As the independent system operator, Ketraco has now set in motion plans to build a national system control centre in Embakasi, east of the capital Nairobi, from where the agency will remotely monitor the power grid, and coordinate and match electricity supply and demand in real time, to ensure the system’s safety and reliability. The project is funded by the French Development Agency (AFD) and the new centre will replace Kenya Power’s national control centre in Juja, on the outskirts of Nairobi.

“The National System Control Centre (NSCC) is at two stages; completion of bidding documents awaiting no objection from AFD (the financier); pre-qualification of engineering, procurement and construction (EPC) is already done. The loan from AFD is also available. Construction will begin first quarter of 2022/2023 between July and September,” said Ketraco project development services general manager John Mativo.

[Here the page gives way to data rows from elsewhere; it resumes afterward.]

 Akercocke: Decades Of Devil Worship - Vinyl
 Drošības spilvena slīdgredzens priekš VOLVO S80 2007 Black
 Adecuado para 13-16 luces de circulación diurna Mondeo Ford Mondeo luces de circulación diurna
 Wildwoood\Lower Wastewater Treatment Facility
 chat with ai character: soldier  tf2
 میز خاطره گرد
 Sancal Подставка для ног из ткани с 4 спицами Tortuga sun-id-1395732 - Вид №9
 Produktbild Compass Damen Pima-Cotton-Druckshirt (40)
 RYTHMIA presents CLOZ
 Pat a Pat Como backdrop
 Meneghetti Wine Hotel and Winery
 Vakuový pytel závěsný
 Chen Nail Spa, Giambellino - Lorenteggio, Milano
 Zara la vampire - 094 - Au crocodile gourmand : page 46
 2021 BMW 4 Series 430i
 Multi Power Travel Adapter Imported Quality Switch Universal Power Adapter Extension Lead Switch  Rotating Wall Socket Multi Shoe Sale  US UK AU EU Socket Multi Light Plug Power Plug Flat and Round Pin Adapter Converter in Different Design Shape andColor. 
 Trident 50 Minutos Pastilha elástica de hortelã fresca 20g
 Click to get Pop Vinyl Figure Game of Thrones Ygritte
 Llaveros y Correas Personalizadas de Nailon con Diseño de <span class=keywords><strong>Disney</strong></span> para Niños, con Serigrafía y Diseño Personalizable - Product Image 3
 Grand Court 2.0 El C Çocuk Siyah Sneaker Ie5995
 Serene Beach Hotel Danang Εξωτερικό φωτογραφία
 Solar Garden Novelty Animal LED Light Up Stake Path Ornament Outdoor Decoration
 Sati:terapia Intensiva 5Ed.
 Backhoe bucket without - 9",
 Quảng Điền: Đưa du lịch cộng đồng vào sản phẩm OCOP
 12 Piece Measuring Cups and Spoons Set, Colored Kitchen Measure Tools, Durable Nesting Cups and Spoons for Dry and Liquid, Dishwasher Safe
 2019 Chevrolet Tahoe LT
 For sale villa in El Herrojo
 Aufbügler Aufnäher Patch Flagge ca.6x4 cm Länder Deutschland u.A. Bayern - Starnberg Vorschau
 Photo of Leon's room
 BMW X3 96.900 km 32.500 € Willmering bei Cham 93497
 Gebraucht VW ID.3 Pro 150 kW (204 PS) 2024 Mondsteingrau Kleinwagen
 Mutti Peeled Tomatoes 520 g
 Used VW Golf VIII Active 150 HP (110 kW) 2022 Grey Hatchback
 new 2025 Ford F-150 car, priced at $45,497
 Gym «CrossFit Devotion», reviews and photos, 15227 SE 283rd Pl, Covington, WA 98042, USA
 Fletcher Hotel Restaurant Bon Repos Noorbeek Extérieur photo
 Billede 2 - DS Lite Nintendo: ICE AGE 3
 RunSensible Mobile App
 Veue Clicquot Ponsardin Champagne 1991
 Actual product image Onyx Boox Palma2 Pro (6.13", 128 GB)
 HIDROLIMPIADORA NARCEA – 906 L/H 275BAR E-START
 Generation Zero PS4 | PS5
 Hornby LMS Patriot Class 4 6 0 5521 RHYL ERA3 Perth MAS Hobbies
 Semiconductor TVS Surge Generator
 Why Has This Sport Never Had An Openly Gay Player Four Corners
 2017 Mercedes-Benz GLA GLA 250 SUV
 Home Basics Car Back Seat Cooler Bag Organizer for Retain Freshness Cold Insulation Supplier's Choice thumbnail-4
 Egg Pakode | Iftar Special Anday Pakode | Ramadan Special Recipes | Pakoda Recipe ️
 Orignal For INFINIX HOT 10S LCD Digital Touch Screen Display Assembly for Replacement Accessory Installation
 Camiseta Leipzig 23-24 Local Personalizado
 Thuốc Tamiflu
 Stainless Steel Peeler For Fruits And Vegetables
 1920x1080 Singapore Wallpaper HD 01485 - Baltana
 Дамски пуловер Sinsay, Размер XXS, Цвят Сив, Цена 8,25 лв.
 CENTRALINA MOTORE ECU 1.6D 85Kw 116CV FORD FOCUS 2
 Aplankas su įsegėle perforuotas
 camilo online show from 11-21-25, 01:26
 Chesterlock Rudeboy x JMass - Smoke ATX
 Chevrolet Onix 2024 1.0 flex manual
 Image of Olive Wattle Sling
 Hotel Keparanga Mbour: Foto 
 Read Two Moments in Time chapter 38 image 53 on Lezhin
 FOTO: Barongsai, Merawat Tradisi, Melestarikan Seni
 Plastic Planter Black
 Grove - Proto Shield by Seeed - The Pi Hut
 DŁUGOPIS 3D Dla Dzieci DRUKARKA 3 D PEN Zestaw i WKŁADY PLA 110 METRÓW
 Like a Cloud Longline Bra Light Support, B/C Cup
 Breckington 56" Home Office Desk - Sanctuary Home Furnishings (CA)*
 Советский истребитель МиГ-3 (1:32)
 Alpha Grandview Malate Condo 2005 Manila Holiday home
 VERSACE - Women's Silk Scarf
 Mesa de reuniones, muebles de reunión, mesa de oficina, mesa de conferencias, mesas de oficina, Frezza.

The contract includes an emergency control centre to be set up in Narok in the Rift Valley, some 140km from Nairobi, at the Suswa switchyard, Kenya’s main interchange for power from different sources

Regarding what would become of the control centres previously operated by Kenya Power, Ketraco said: “The existing KPLC regional centres will support the NSCC but at the same time be expanded to “see and control” the 33kV (lower voltage) distribution grid, like in many developed countries.”

In the new arrangement, Kenya Power, as the retailer, will retain the role of entering power purchase agreements (PPAs) with power producers.

The transfer of roles also opens a golden window for power producers to bypass Kenya Power and sell power directly to large consumers.

“In future, generators/power producers will be able to sign agreements with large power consumers and pay Ketraco to “wheel” the power to consumers.
They could theoretically go to Ethiopia and negotiate a cheap tariff and then we wheel,” said Mativo.

This is especially going to be a boon to State-owned power producer KenGen, which has expressed interest to supply power directly to the proposed Olkaria special economic zone that will host factories, near geothermal power plants. KenGen has in recent past raised concerns over Kenya Power’s delays in making payments for power delivered.

Deciding which electricity supplies end up in the grid has long been Kenya Power’s role, but this presents a potential conflict of interest. The company, 49.9% owned by private investors with the government holding the other 50.1%, is listed on the Nairobi Securities Exchange and therefore has an obligation to make profits for its investors.

Ketraco, which was hived off from Kenya Power in 2008, is 100% owned by the government. Its tasks include constructing and operating high voltage transmission lines (132kV and above), a role that was formerly Kenya Power’s. It charges a wheeling tariff, paid for by consumers through their bills, for electricity transported through its network. Lower voltage lines below 132kV, mainly used for distribution, are operated by Kenya Power, which will continue selling power to homes and businesses as the sole retailer, and making payments for invoices from power producers for electricity supplied. Its tariffs are regulated due to its market dominance.

The loss of another role has sparked concerns at Kenya Power, whose influence has weakened over the years each time the sector is unbundled and the firm has to cede ground.

As a rule, electricity generation should follow the economic merit order of dispatch in which the cheapest power source available is injected into the grid first, followed by the next cheapest, and so on. Only after the cheapest sources have been exhausted should more expensive options be considered, for example to cover demand during the evening peak. The energy regulator has in the past raised concerns about the risk of the economic merit order not being observed, in order to benefit vested interests.

The independent system operator will at all times seek information from different power producers on how much power they can produce at any given time and at what cost, as is the case in any competitive marketplace. Based on the information gathered, the system operator will make a quick decision on the source and quantity of power to order into the grid to at any given time to match demand, based on costing. The cheapest offers are given first priority.

Kenya Power’s influence has been diluted three times over the past two decades with the unbundling of the country’s electricity sector. Before 1998, Kenya Power covered the entire value chain of generation, transmission and distribution, but it lost the mandate to generate power in 1998 when Kenya Electricity Generating Company (KenGen) was formed.

In 2008, Kenya Power was broken up again to form Ketraco, leaving Kenya Power with just the distribution role, which also entailed sourcing power from generators for distribution. This time, the role of scouting for power is being taken away, leaving Kenya Power with one downstream function, distribution.